Allow me two followups on.

The Terraform docs say the following.

Prerequisites
Before you begin, you should have the following available:

I prefer running on my own instance. Various reasons.
Is this posisble and still use Terraform or is it more complicated and/or impossible?

I also like the idea of CLI and Grizzly, could pull push be part of a good solution?

I am excited to move further with such expert and thoughtful advice.
:pray:
E

My terraform doc is not saying that:

https://registry.terraform.io/providers/grafana/grafana/latest/docs

Of course if you want to manage Grafana Cloud resources, then you must have Grafana cloud account. I guess you want to manage on-prem Grafana only.

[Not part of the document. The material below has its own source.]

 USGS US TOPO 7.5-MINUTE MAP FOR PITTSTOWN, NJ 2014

Brilliant, I was blindly following the note about cloud on the Grafana Terraform docs here GitHub - grafana/terraform-provider-grafana: Terraform Grafana provider

Yes, I like on-prem Grafana

Terraform is massive. Might even be overkill, but happy to go down this road now.
Is this a good place to start with documentation:

Its the HCP account that I need?

I am keen to find any useful resources to get up and running fast with a working Terraform Grafana stack (and then iteratively gaining deeper understanding). I have seen quite some tutorials, but none show an example of an implementation that combines the UI edits with the direct dashboard.json edits.
Would that functionality be part of a CD/CI deployment?
(Sure, I can imagine a way to hand roll a solution, but that is not how I want to bootstrap with somethign readymade).

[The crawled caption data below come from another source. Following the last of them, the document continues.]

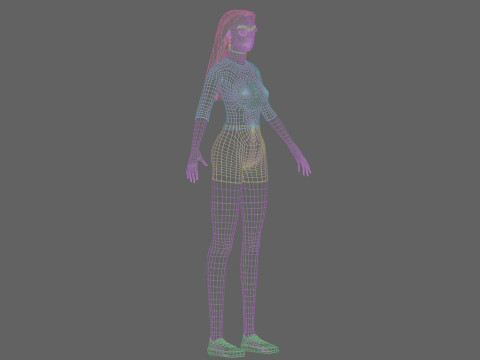 Cute Cartoon woman V32300 3Dモデル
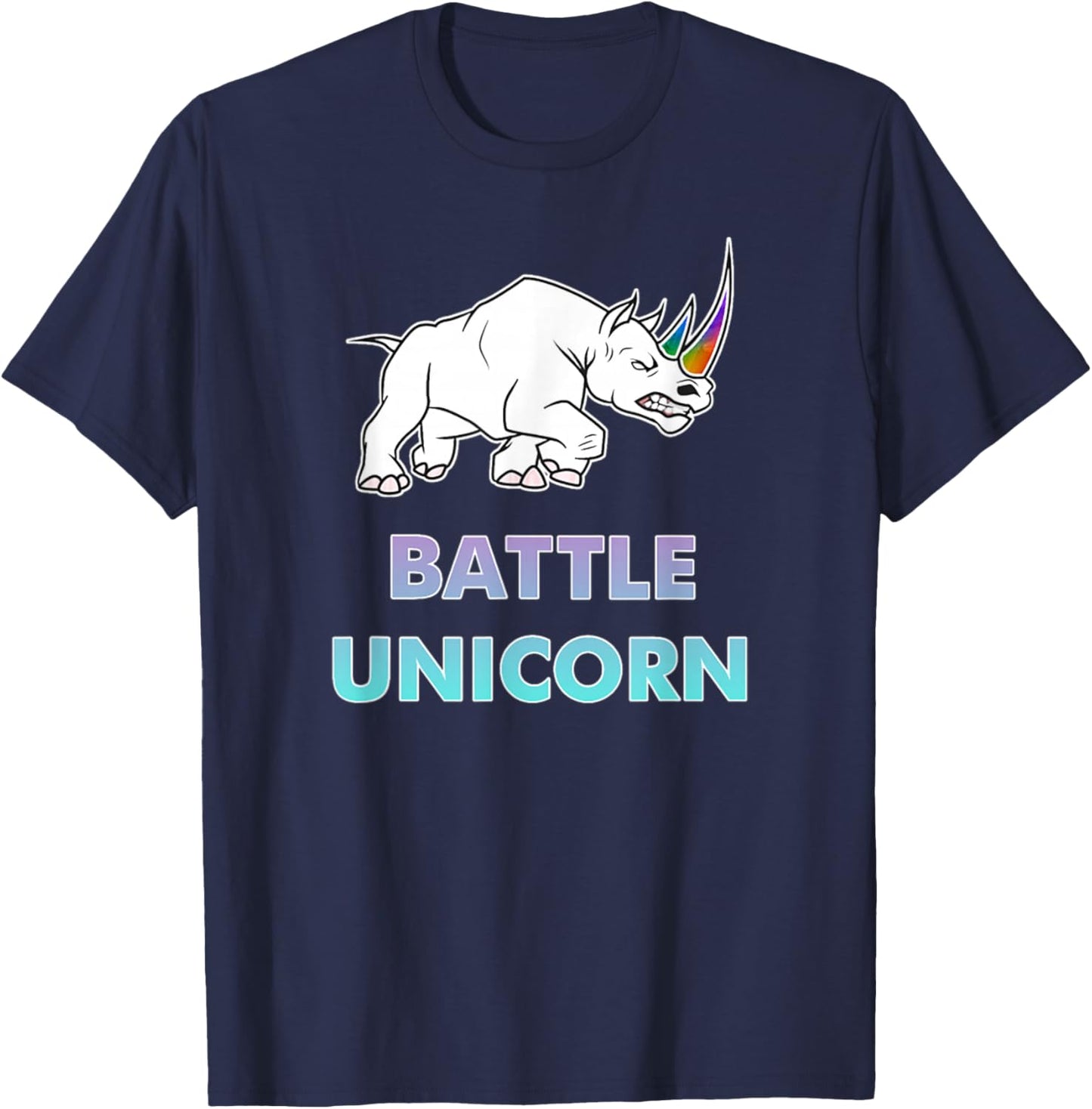 Battle Unicorn Rainbow Rhinos T-Shirt - T-Shirt | Navy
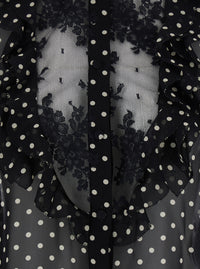 Valentino Women Black Crewneck Shirt With Floral Embroidery And All-Over Polka Dots Motif In Silk Woman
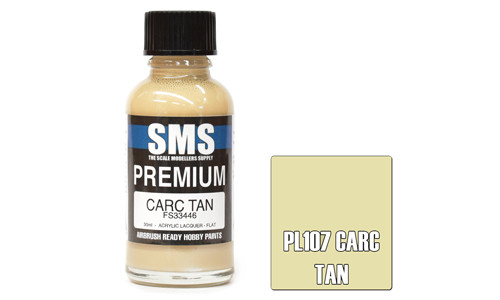 SMS PL107 Premium Carc Tan 30ml Lacquer Model Paint for airbrushing at MAS Hobbies Perth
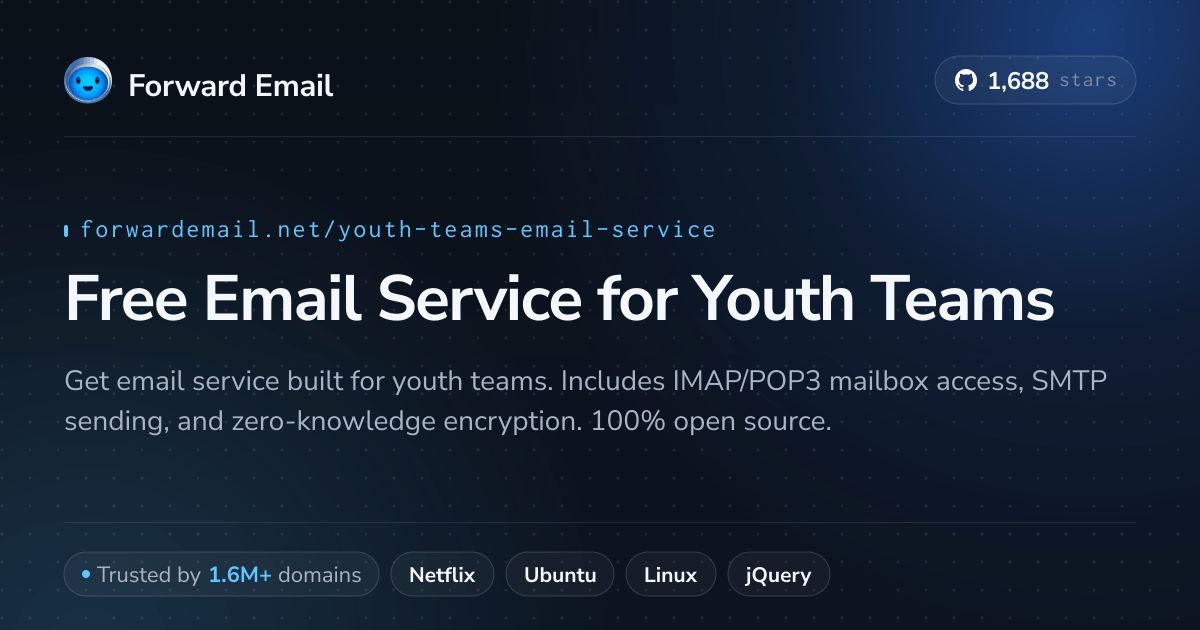 Free Email Service for Youth Teams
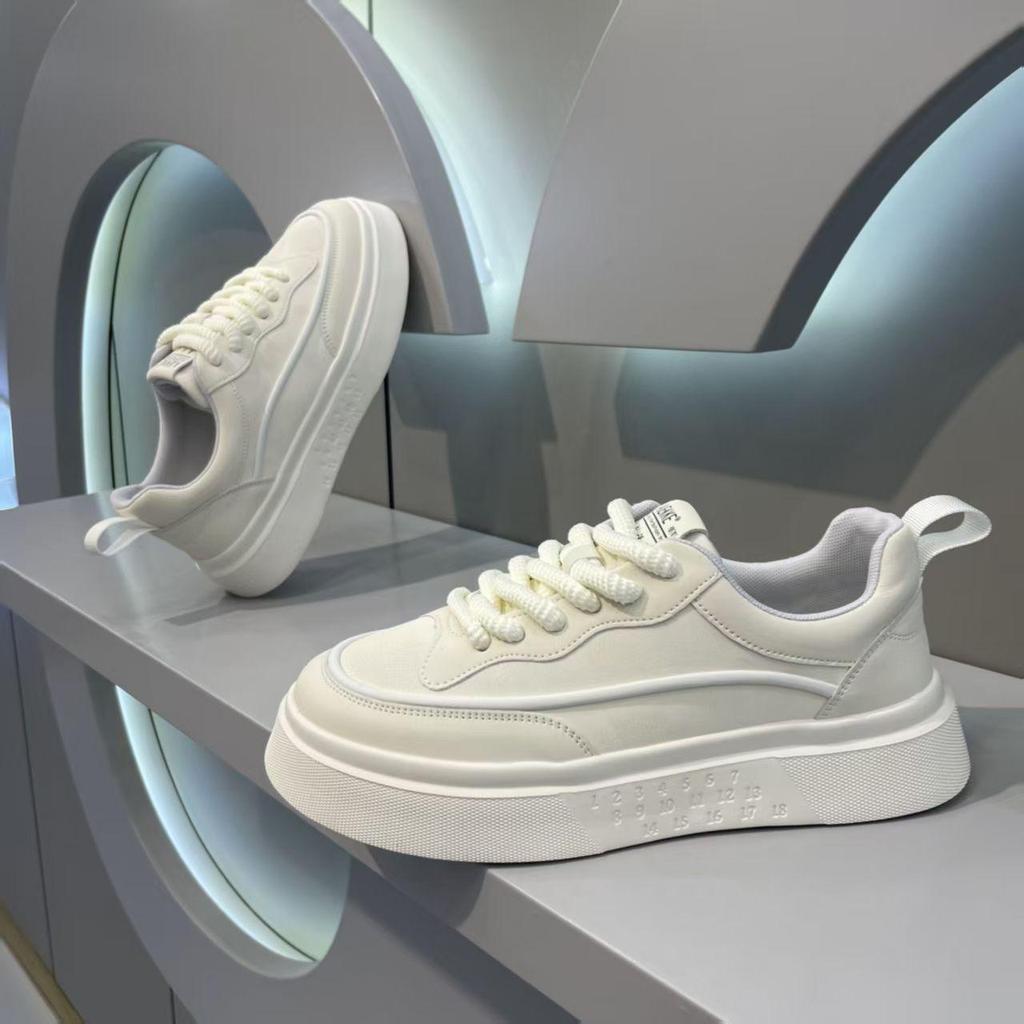 Summer 2025 Men's Breathable Sneakers, Versatile White Casual Sports Shoes with Thick Soles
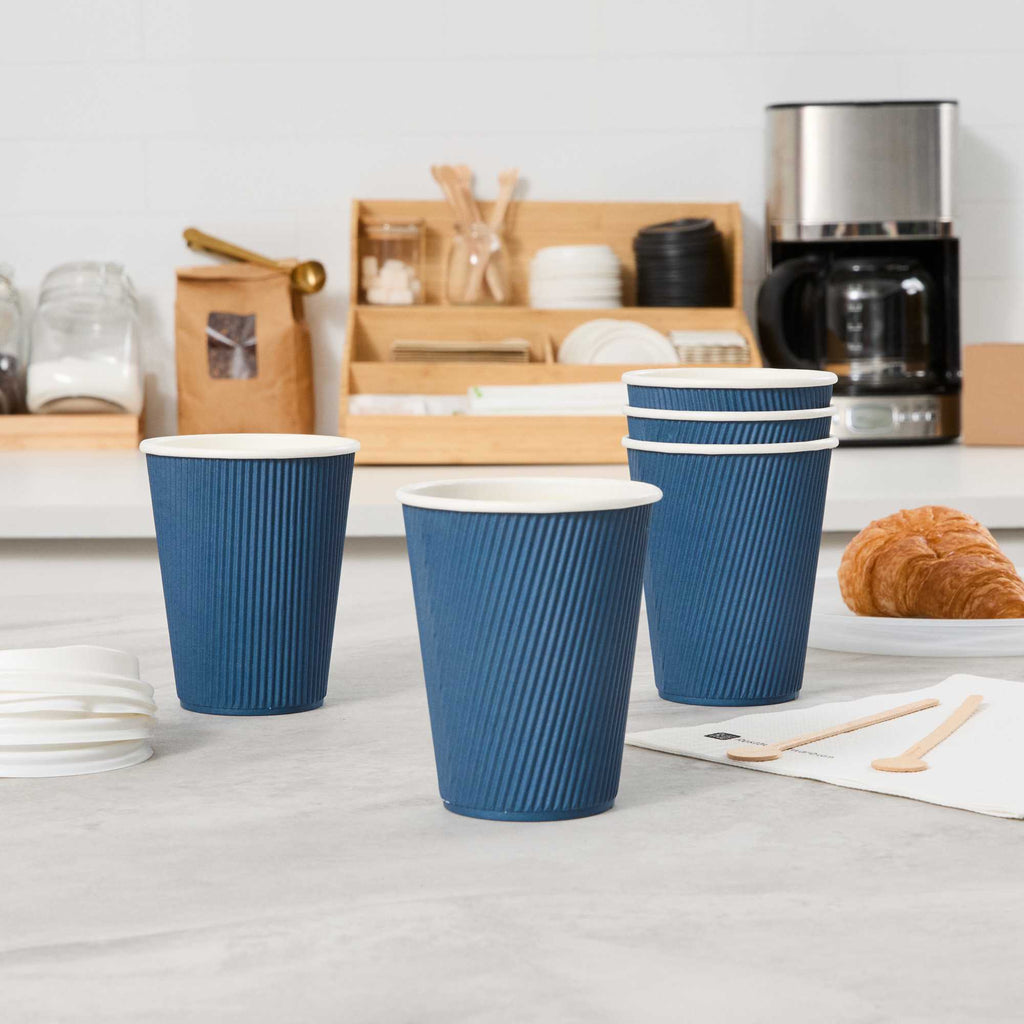 Restpresso 12 oz Midnight Blue Paper Coffee Cup - Ripple Wall - 3 1/2" x 3 1/2" x 4 1/4" - 500 count box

I am super grateful to you for your handholding into brand new territory for me.

Thank you.

My best
E

I managed to get the datasources yaml and the dashboard json to line up.
So the soft links between these are working and basic provisioning is good and working.

In order to implement development from the provisioned sources, I need to save to json file, its the default option when you go save. I do this on my local machine with browser.
Share like this is not possible as you cannot leave your dashboard to get to the Share control in the UI.

For now the working solution is to prepend the __includes and the __requires lists in json that the “Export for external sharing” GF UI function generated off a previous version,

This just works, so running with it for now. Will develop devops framework on top of this.
But for now have gitability and development by iteration off provisioned dashboards. This was the main requirement.

Could not find any useful docs.
Will submit PR to the repo for docs on basic provisioning and possibly some code to automate from local browser machine to remote server that deploys Grafana and the prepend and deployment to /provisioning.
Poor man’s CD/CI.

Thanks for the help received in this thread.